● **Try it**
Beginning with the line below that contains "Hyaluronic acid hydrating face wash 9" and ending with the line that contains "Baby Handprint and", retype every line exactly. Pictures are not copied.

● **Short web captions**
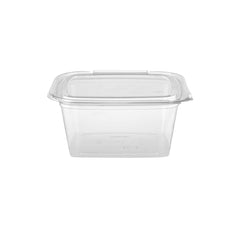 Hinged Square Deli Clear Pet Container - hotpackwebstore.com - Hinged Containers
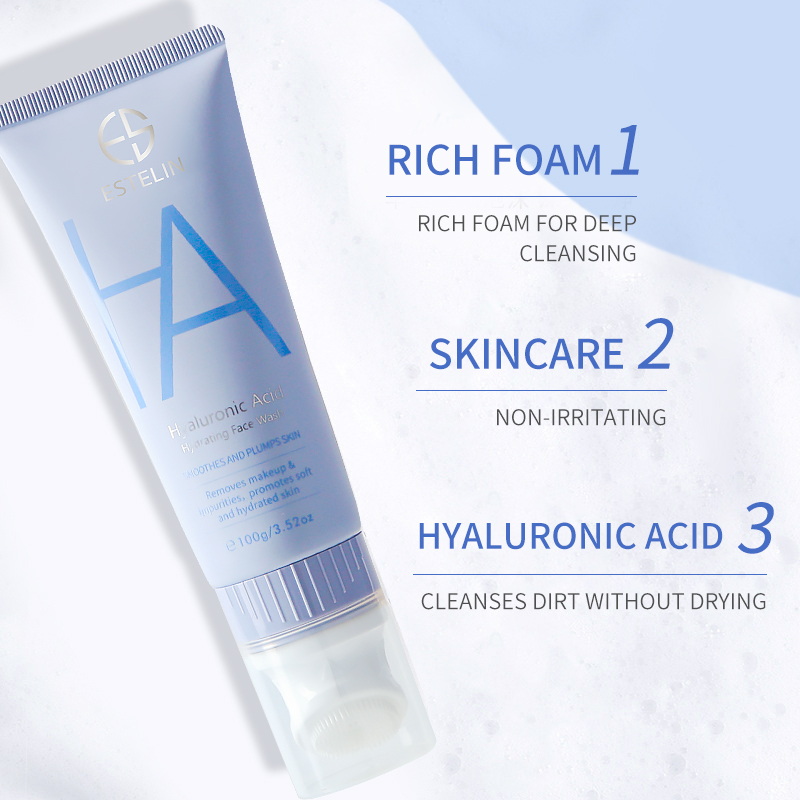 Hyaluronic acid hydrating face wash 9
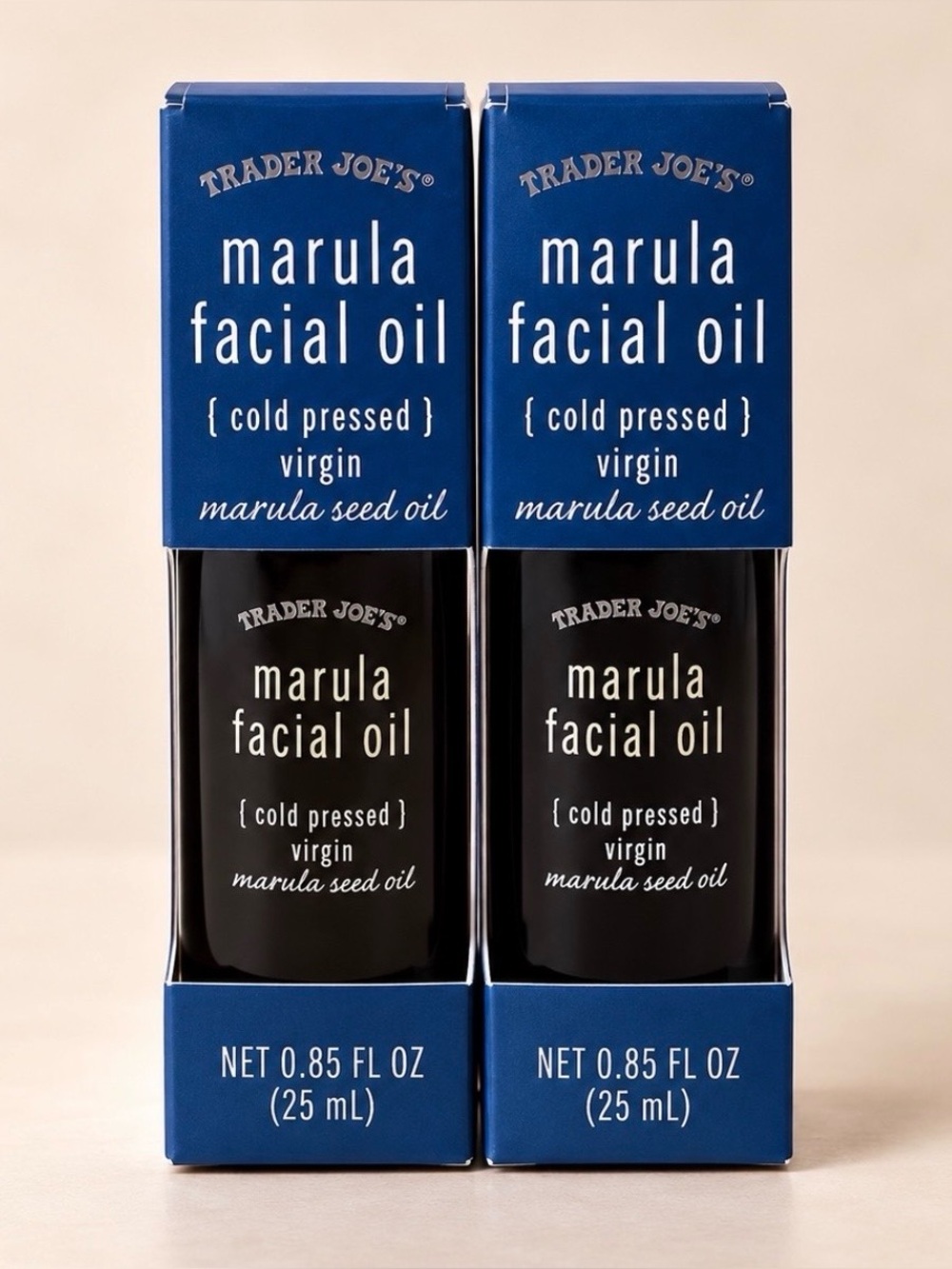 NEW • Trader Joe’s Marula Facial Oil • Cold-Pressed Virgin • 2-Piece Set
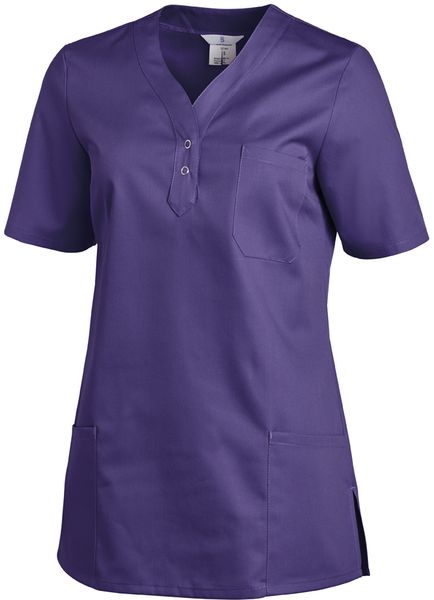 LEIBER-Jobwear, Damen-Schlupfjacke, Arbeits-Berufs-Jacke, 1/2 Arm, lila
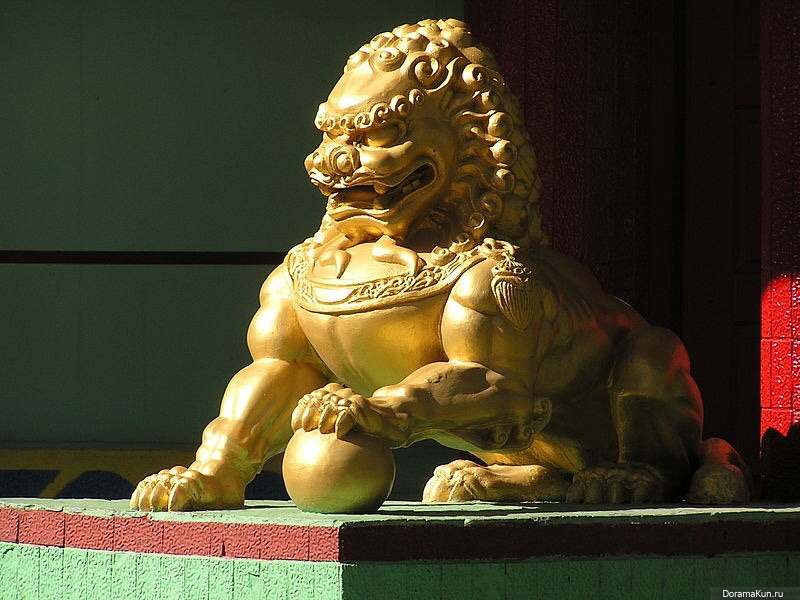 Premium Photo Chinese guardian lion or shishi statue from Ming dynasty era at th
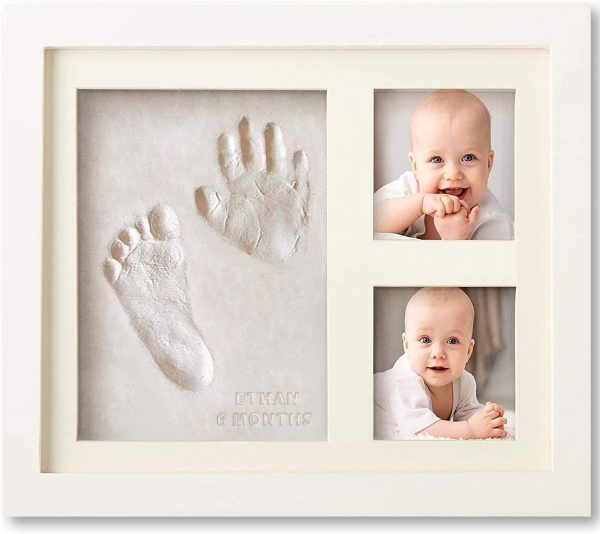 Baby Handprint and Footprint Makers Kit Keepsake For Newborn Boys & Girls, Baby Girl Gifts & Baby Boy Gifts, Personalized Baby Shower Gifts, Memory Art Picture Frames for Baby Registry, Nursery Decor - Image 3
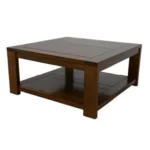 MD9060 Solid Wood Low Table, Square-shaped solid wood coffee table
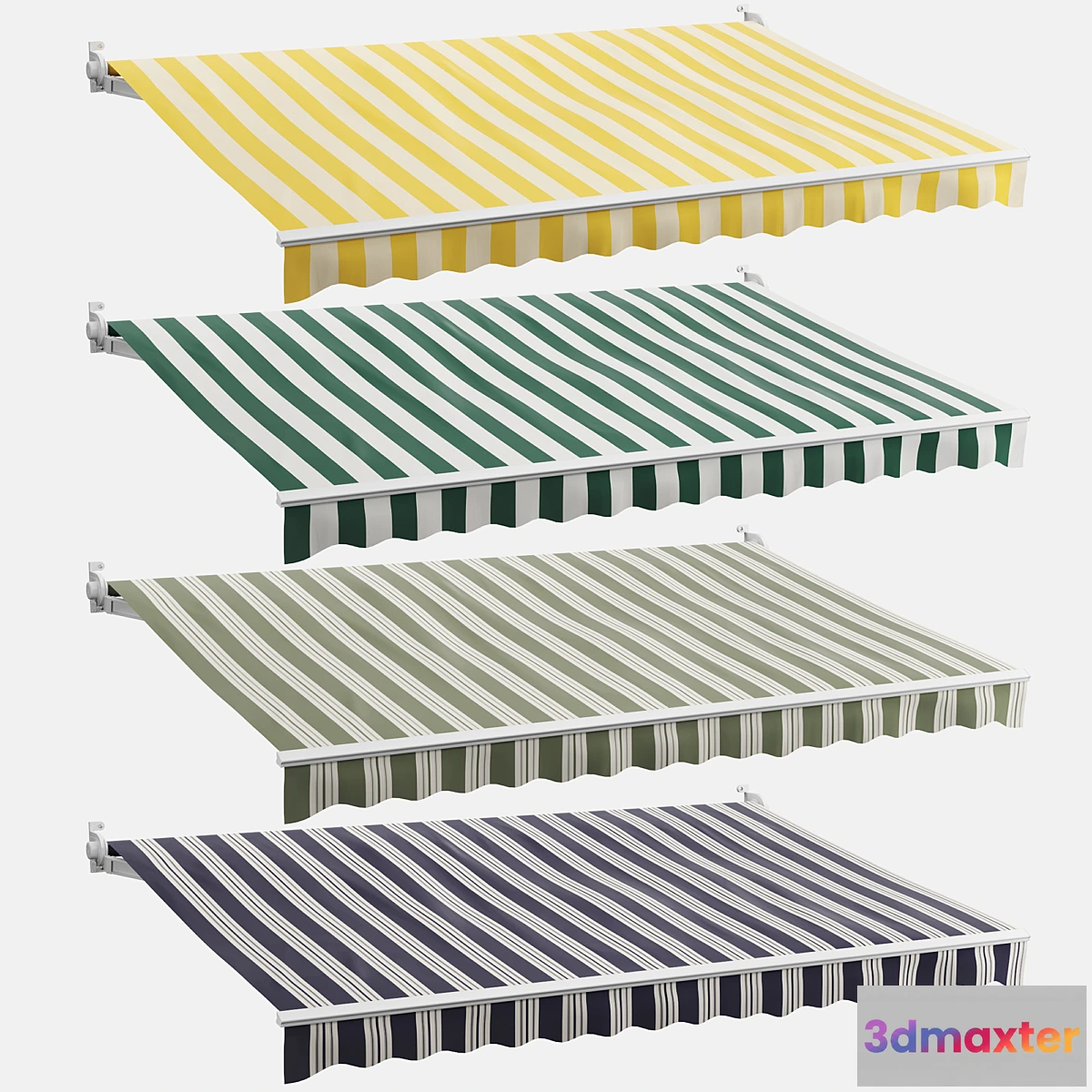1308216 - Awning set 3 (striped) 3D Max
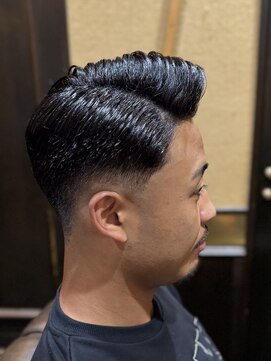 ヒロギンザバーバーショップ 大宮店(HIRO GINZA BARBER SHOP) ローフェード7:3/バーバースタイル/大宮/メンズカット/与野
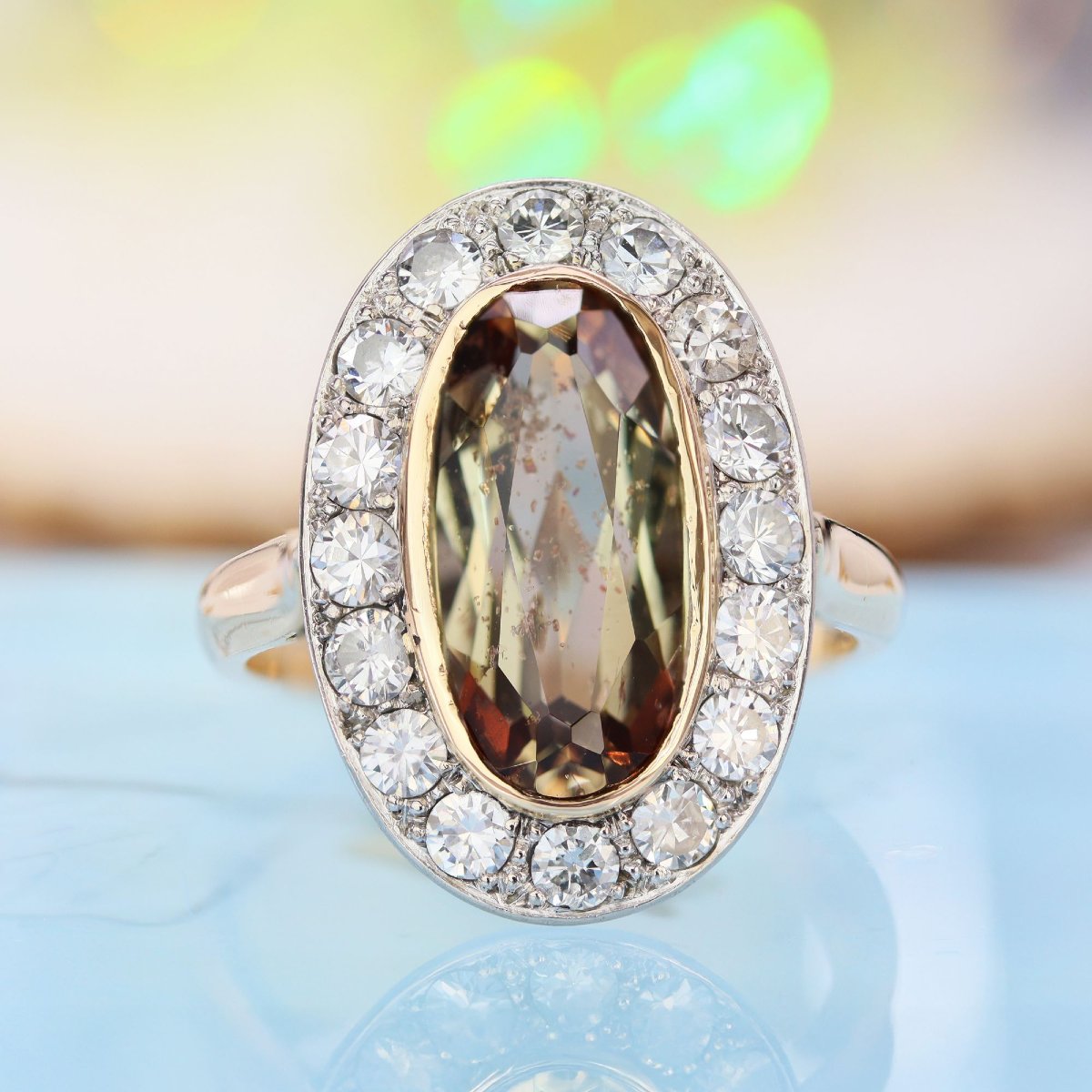 Antique Andalusian And Diamond Ring-photo-3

● **Result of this exercise**
 Hyaluronic acid hydrating face wash 9
 NEW • Trader Joe’s Marula Facial Oil • Cold-Pressed Virgin • 2-Piece Set
 LEIBER-Jobwear, Damen-Schlupfjacke, Arbeits-Berufs-Jacke, 1/2 Arm, lila
 Premium Photo Chinese guardian lion or shishi statue from Ming dynasty era at th
 Baby Handprint and Footprint Makers Kit Keepsake For Newborn Boys & Girls, Baby Girl Gifts & Baby Boy Gifts, Personalized Baby Shower Gifts, Memory Art Picture Frames for Baby Registry, Nursery Decor - Image 3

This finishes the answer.